While we stood at the rail lamenting the wasted morning, the sun burned a hole in the fog and pushed it back to the edges of the canyon. There it was! The pinks, oranges and reds of the canyon walls shimmered in the hazy light. The trees stood tall and deep green against the backdrop. I'd never seen the Canyon when she was dressed in white, but the light layer of snow gave her a whole new look. We gasped and looked around to see if others could see what we were seeing. There were just a handful of people at the rail. They were amazed and entranced, too. We turned to the lodge and saw the faces of people who were chatting with one another, oblivious of the moment.
We turned back around to enjoy the view and just as quickly as it had opened up, the fog closed in again and the Grand Canyon disappeared from sight.
It was a surprise, a moment, a gift.
We felt sorry for the international tourists whose schedule had allowed them only a morning at the canyon. If they weren't at the rail for that one brief minute, they missed seeing one of Nature's most remarkable accomplishments. It was a long way to come to watch fog swirl.
Many left disappointed that day. But not me.
The Grand Canyon has never disappointed me. Not even once.
Monday, April 26, 2010
Hereby Declaring Mondays as: Favorite Life Story Days
OR: "If You've Known Me for 20 Minutes, or Been in a Congregation I Serve(d), You've Probably Already Heard These.
Most days are normal. Thank God.
But some experiences are out of the ordinary. Some days are extraordinary. Some stories are more interesting.
One of my favorite parts of ministry is hearing people's stories. I loved hearing about Buda and Sherwood eloping to Missouri. She wore a red, satin wedding dress she'd sewn in Home Economics (circa 1930?). I loved that Bruce built a zipline in his backyard for his kids. I am still in awe that Betty left her abusive husband and was surrounded by love and support in her small, rural community...long before women were allowed that freedom. My mother-in-law wasn't allowed to go outside as a child to play until the streets had been "watered" to keep the dust down. (When she first told me this, I was a mother of small children, and my first thought was, "Ummm....MUD?")

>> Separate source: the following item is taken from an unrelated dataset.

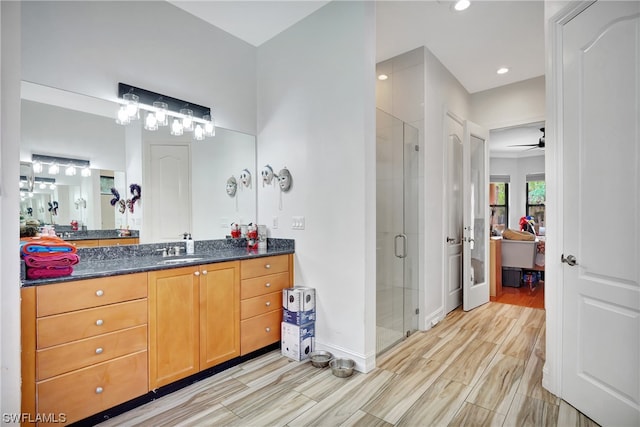 bathroom featuring a shower with door, vanity with extensive cabinet space, ceiling fan, and hardwood / wood-style flooring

I am a fan of StoryCorps, a national movement to collect oral histories from people. I feel like I've heard a lot of stories that, sadly, went to the grave with their perpetrators, so I'm grateful that more stories are being preserved. I especially love hearing about the shenanigans and adventures of young people coming out of the mouths of their 90-year old incarnations. It helps me remember that old people are real people with real passions, real histories and real experiences. They snuck out with girlfriends, had secret marriages, dreamed big dreams, lost loved ones, overcame obstacles and took risks. Even if they are frail now or their lives have become much smaller...it wasn't always the case!
I have stories, too.
So, I'm dedicating Monday to the preserving of my own stories. I think I'll enjoy them when the nursing home volunteers come to read them to me in the future. I hope you enjoy them, too.
Among my favorite life stories are the experiences of Extreme Hospitality I've known.
Just one for today:
I was backpacking alone in Israel. I'd been living in Germany for a year and had met a lot of international students. Before I returned to the US, I wanted to visit some of my friends in their home country.
I'd been in Israel for a few days. I stayed at the hostel in Tel-Aviv and Jerusalem and did some sight-seeing. I went south to visit the Dead Sea and slept on the grass in a park with some just-met friends when the air conditioning in our rented room broke down. Somewhere along the way I ate something or caught something that started to work its evil power. By the time I'd flown back to Jerusalem, gotten to the bus station to catch a bus to Haifa (to visit my friend, Tami), and was waiting for departure, I was definitely slowing down.
A man who was also waiting for the Haifa bus asked me, "Are you sad? Homesick, perhaps?"
"Not homesick; I think I'm getting real sick."
In spite of that confession, he sat next to me on the bus.
In the three hours it took to travel by bus from Jerusalem to Haifa, I went from "not great" to "definitely ill." I learned that my seat companion was a Professor of Yiddish at Haifa University. He was an American who had re-located with his family to Israel to teach. When we arrived at the bus station in Haifa, he stayed by my side until he was sure I had a place to stay. But, I was a day early and my friend, Tami, could not be reached by phone. The professor invited me to his home until the next day when Tami was expecting me. He was sure his wife wouldn't mind. If he'd only known...
Once we got to his home, he and his wife got me settled in their son's bedroom. I spent the next two days crawling from that bed to the nearby bathroom and back again. The days passed in oblivion; I was either asleep or throwing up. My hosts, virtual strangers, brought broth and soda to my bedside until I was able to sit up and eat a meal. They communicated with my friend and made arrangements for her to meet me once I was well.
Keep in mind, once I was a mother myself, I could only barely care for my own children when they were vomiting. My husband would not give me even that much credit.
So, I am amazed that I was invited, sick, at a bus station into the homes of two wonderful people who had compassionate hearts. I am still grateful.
Their hospitality and fearlessness in welcoming "the stranger" deeply impacted my own reception of those I do not know and my treatment of others in need. Having once been "the stranger," I try to look at people through the eyes of my compassionate hosts, who saw, not an enemy, not a threat, not a danger, but a fellow human being in need for whom they had the available resources to provide care.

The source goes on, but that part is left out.